The Panasonic Lumix G Leica DG Vario-Elmarit 12-60mm f/2.8-4.0 ASPH Power O.I.S. surprised me for its optical quality and versatility, but it’s not without its flaws.
I don’t know about you but I have a guilty pleasure when it comes to photographing with a zoom lens. The sensible side of me appreciates zoom lenses for their versatility. Shooting with a quality zoom makes framing your shot easy and you get multiple focal lengths in one lens. The artist in me though finds zooms boring because their versatility makes using them easy. If you shoot primes you know what I’m talking about — a zoom is like driving a minivan: When you need it you need it … just don’t tell your friends.
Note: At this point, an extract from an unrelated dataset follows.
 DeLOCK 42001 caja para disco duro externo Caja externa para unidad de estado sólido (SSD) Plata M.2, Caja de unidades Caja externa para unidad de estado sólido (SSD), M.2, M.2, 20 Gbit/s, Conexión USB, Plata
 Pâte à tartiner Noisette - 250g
Now that we have established my feelings on zooms, the Panasonic Lumix G Leica DG Vario-Elmarit 12-60mm f/2.8-4.0 ASPH Power O.I.S. is an excellent choice for the micro four-thirds photographer with a complicated name which we’re going to simplify from this point on.
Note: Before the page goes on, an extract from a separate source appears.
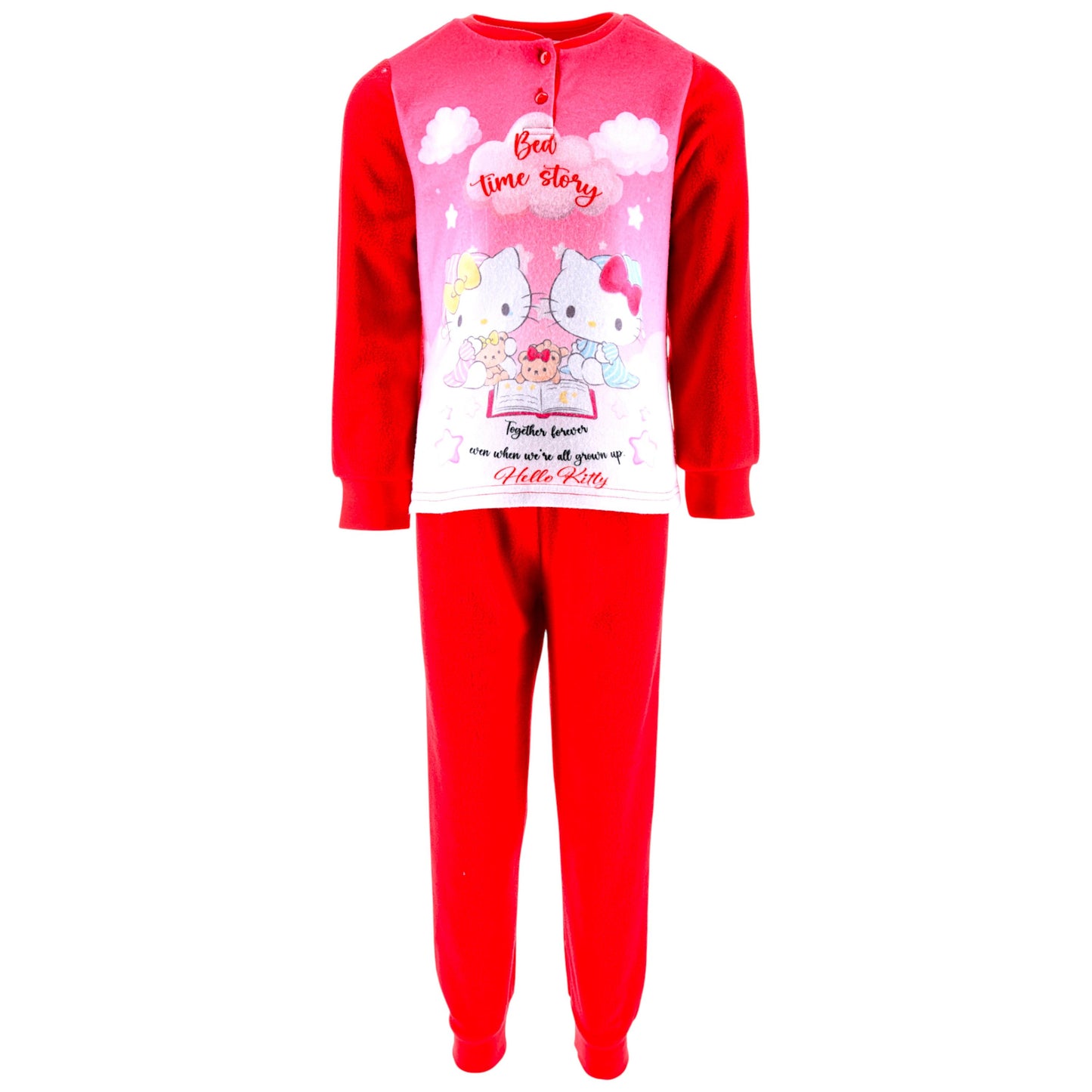 Hello Kitty Fleece Schlafanzug für Mädchen Gr. 98 - 128 cm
I was not expecting to enjoy the Leica 12-60 mainly because of the variable aperture which is f/2.8-f/4.0 but in practice, this is a surprisingly good lens.
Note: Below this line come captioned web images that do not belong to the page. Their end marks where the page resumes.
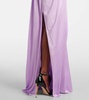 Draped halterneck jersey gown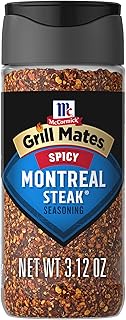 McCormick Grill Mates Spicy Montreal Steak Seasoning, 3.12 oz (Pack of 6)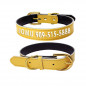 Custom Personalized Dog Collar Soft Leather ID Collar Names PET Cat collar XS-L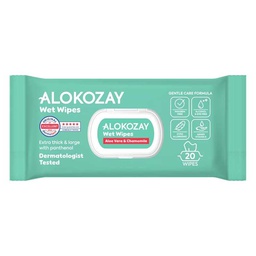 [0100022269] ALOKOZAY BABY WIPES ALOE-VERA CAMOMILE 20PC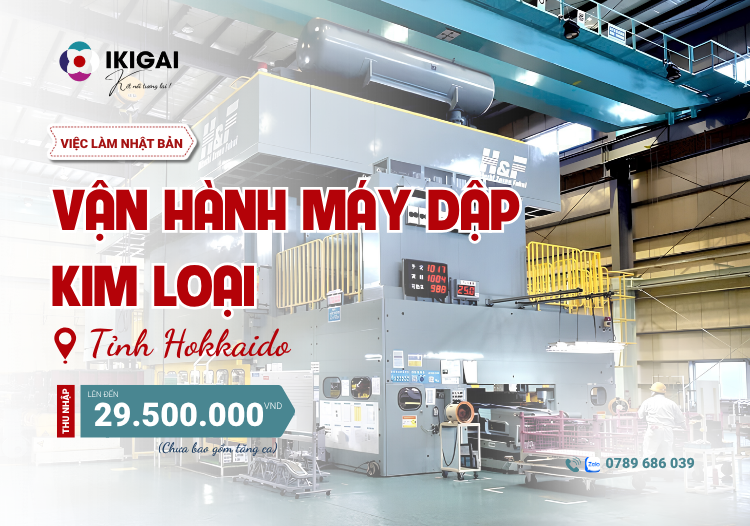 vận hành máy dập kim loại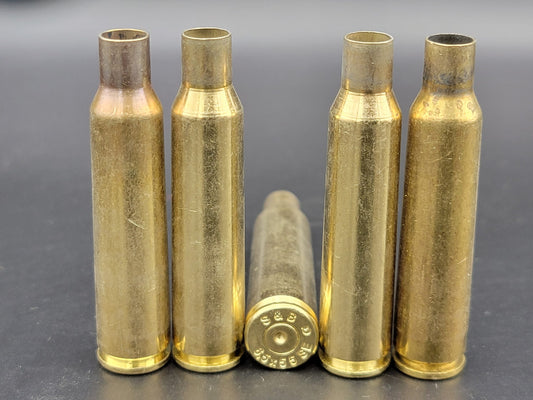 6.5x55 Swede once fired rifle brass. Hand sorted from reputable indoor/military ranges for reloading. Reliable spent casings for precision shooting.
What I like-a about the Leica
At first glance, you’ll notice that there is no aperture ring on this Leica / Panasonic lens which helps the lens stay compact but sacrifices some usability. On the side of the lens, you’ll see the O.I.S. and autofocus switches which are handy to have and on some bodies like the Lumix G9, you get Panasonic’s wonderful Dual I.S which works for both stills and video. Furthermore, because both the Leica 12-60 and Lumix G9 are both sealed from dust and extreme weather, used together you’ll have quite a robust hybrid photo making machine.
The Leica 12-60 is not heavy at all so if you’re using a rangefinder-style camera like the wonderful Lumix GX8 and want a zoom, I recommend this lens without hesitation. Also, for those of us lucky enough to have the most micro of micro four-thirds cameras — the Lumix GM1 — you could use the Leica 12-60 on it if you want to mimic that odd front-heavy type camera popular with other brands.
Usual for all Leicas for micro four-thirds, the Leica 12-60 comes with a lens hood and storage bag, both of which are welcome for a premium lens.
Something that confused me at first when working on raw files from the G9 with the Leica 12-60 at first they don’t have that super sharp digital-look to them. I thought maybe the lens was soft but I was mistaken. It’s been some time since I used a Leica on a micro four-thirds body but I quickly remembered that of all the micro four-thirds lenses, the Leica’s have the most unique character. On Panasonic bodies, in particular, skin tones are warm and overall the files have a rich, somewhat Kodachrome-like look to them. I found that when I did apply more sharpening to the files than what I usually do the files came alive with detail which inspired me to explore this lens even further.
Not all standards are equal
With companies like Panasonic and Olympus taking charge of development, micro four-thirds is, without a doubt, the most developed mirrorless camera system. Cameras and lenses using the micro four-thirds lens mount can be interchanged among brands but even with the micro four-thirds standard guiding the way, there remain to be incompatibilities between brands.
Autofocus on Panasonic bodies is quite fast in stills thanks to their DFD technology but as you might have guessed, when shooting video the Panasonic suffers from issues such as holding focus or sometimes getting focus at all. Put the Leica 12-60 on an Olympus body and you’ll get fast autofocus in stills and video but you’re out of luck when it comes to Panasonic’s Dual I.S working with Olympus’s Sync I.S which is nearly the same thing. I’m not sure what company is at fault here but with the onslaught of full-frame mania being pushed hard on socials through advertising or clever influencer campaigns, I’m thinking that Olympus and Panasonic need to work these strange incompatibilities out for the benefit of the Micro 4/3rds standards.
Sometimes you want that fancy sports car when heading to the hardware store to pick up some tape. You’ll look good and feel like a boss but we both know that when it comes to taking the dogs or kids out you’ll do the right thing and drive that minivan because it does the job. The Leica is like a minivan but one that’s got some character and quirks. It’s good for stills on any micro four-thirds body, solid Dual I.IS on Panasonic bodies only and good video autofocus on Olympus bodies.